>>>>
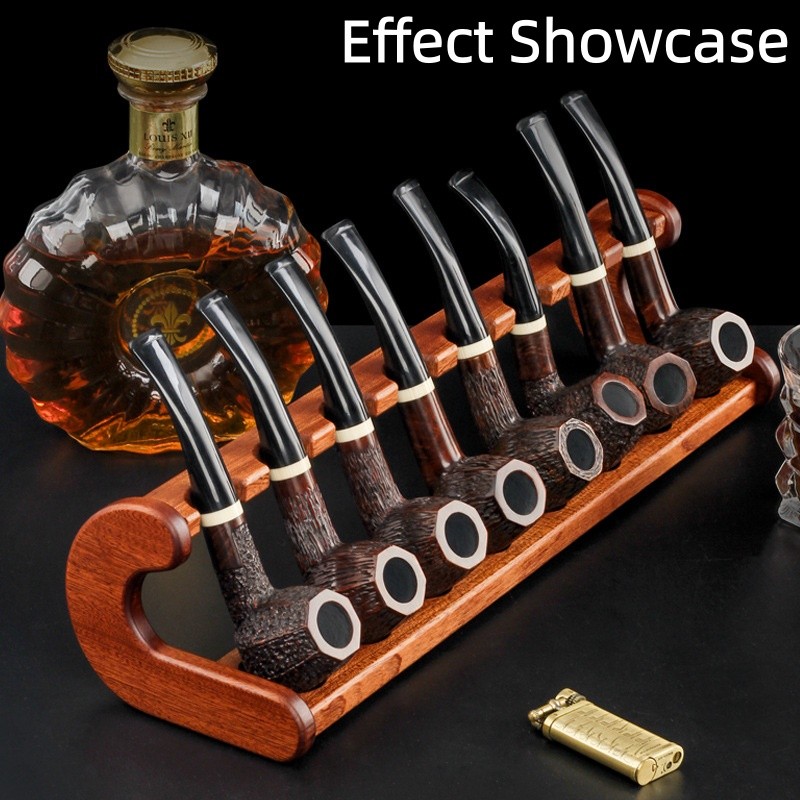 Smoking Pipe Rack,Wooden Pipe Stand for Tobacco Smoking Pipe, Smoking Pipe Stand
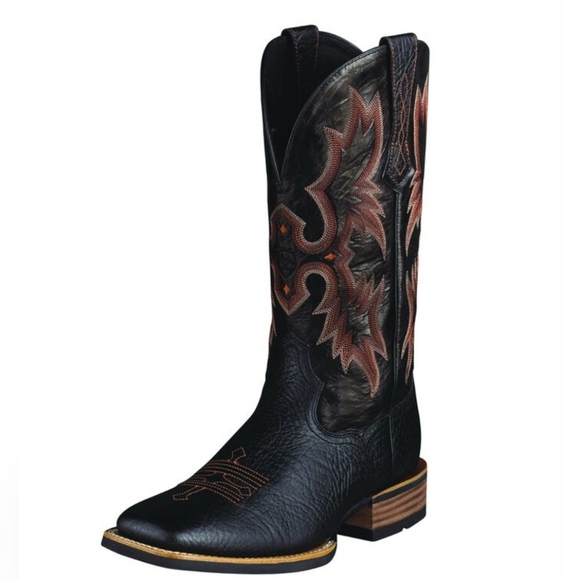 Ariat Black Leather Tombstone Western Cowboy Boots with Embroidered Design 10.5 - Picture 3 of 15
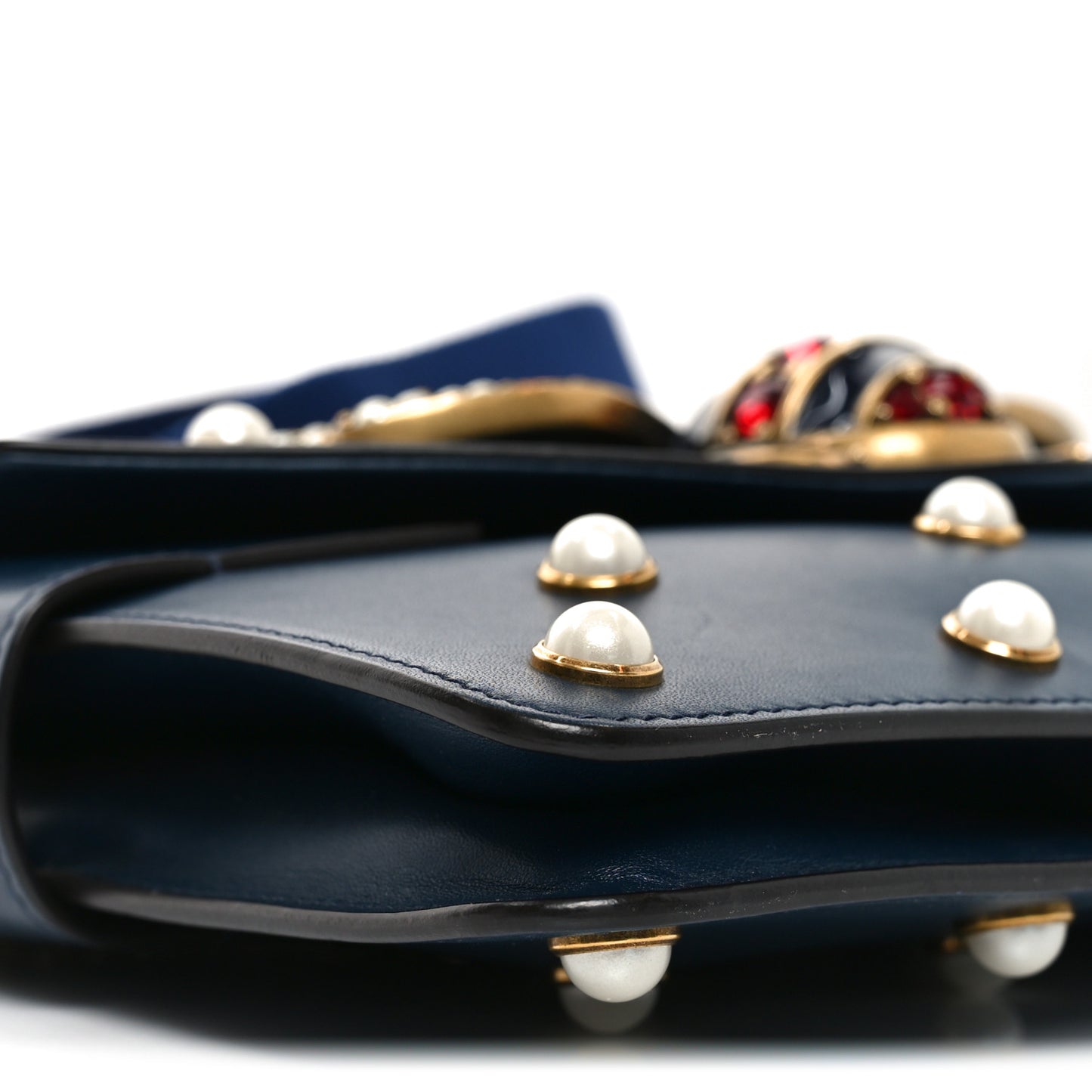Nappa Pearl Studded Mini Queen Margaret Broadway Shoulder Bag Blue Agata
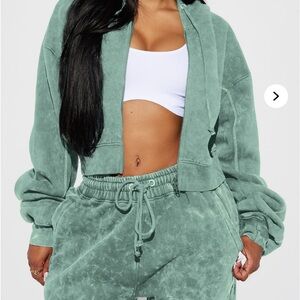 Fashion Nova Green Tracksuit Set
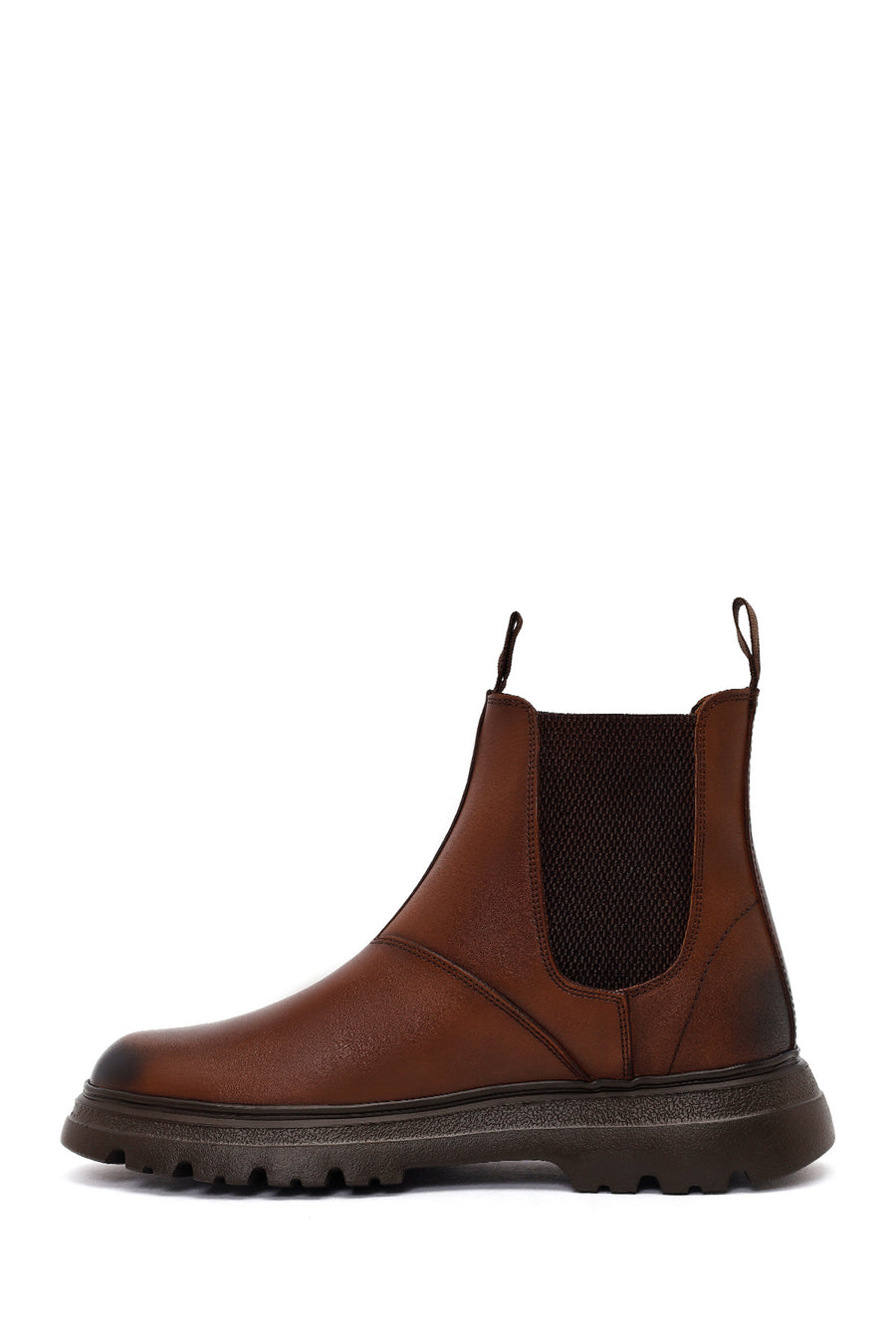 Male Tan Chunky-Soled Leather Chelsea Boots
<<<<
Directions for this task » Repeat the listing exactly, pictures excluded.

Answer for this exercise »
 Smoking Pipe Rack,Wooden Pipe Stand for Tobacco Smoking Pipe, Smoking Pipe Stand
 Ariat Black Leather Tombstone Western Cowboy Boots with Embroidered Design 10.5 - Picture 3 of 15
Nappa Pearl Studded Mini Queen Margaret Broadway Shoulder Bag Blue Agata
 Fashion Nova Green Tracksuit Set
 Male Tan Chunky-Soled Leather Chelsea Boots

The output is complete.